> **TASK DESCRIPTION**: From the line that holds "Prodej obchodních prostor 93 m², Jince" down to the last line of the listing below, transcribe exactly and only those lines. Leave pictures out.

> **EXERCISE DATA**:
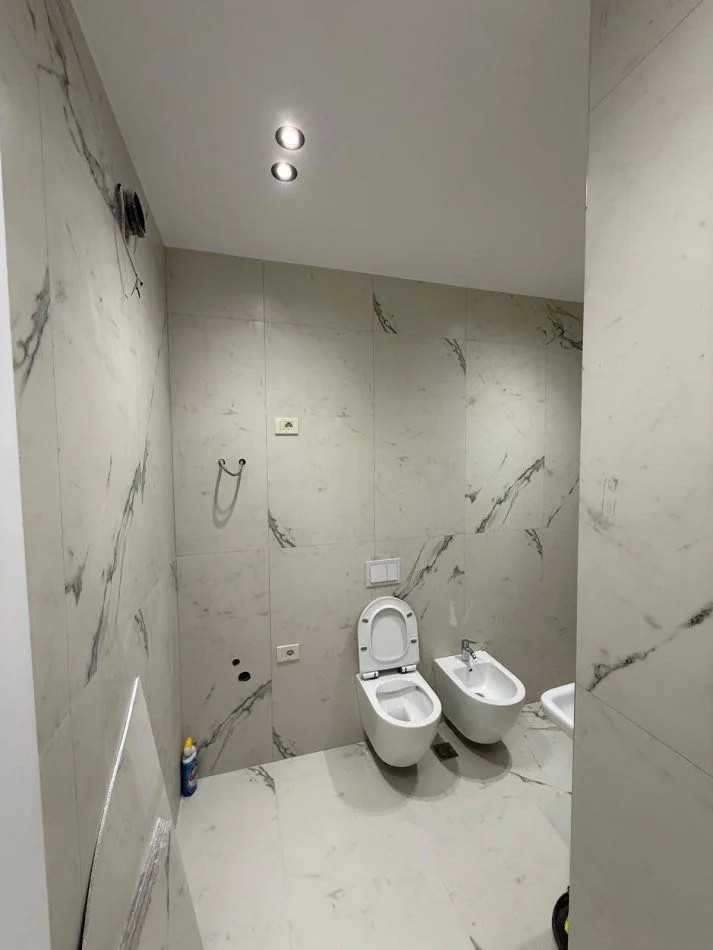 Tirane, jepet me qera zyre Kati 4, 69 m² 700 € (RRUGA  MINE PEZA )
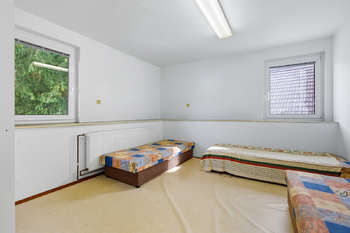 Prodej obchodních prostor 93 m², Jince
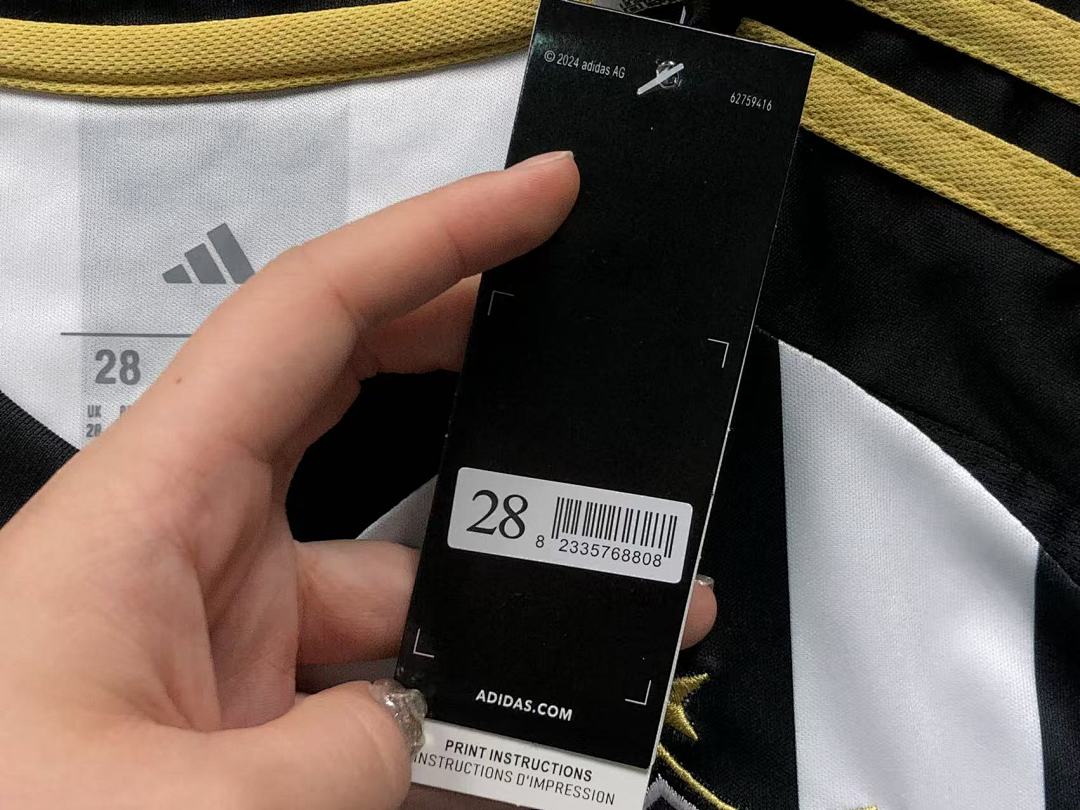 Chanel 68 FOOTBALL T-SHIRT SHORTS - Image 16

> **EXERCISE ANSWER**:
 Prodej obchodních prostor 93 m², Jince
 Chanel 68 FOOTBALL T-SHIRT SHORTS - Image 16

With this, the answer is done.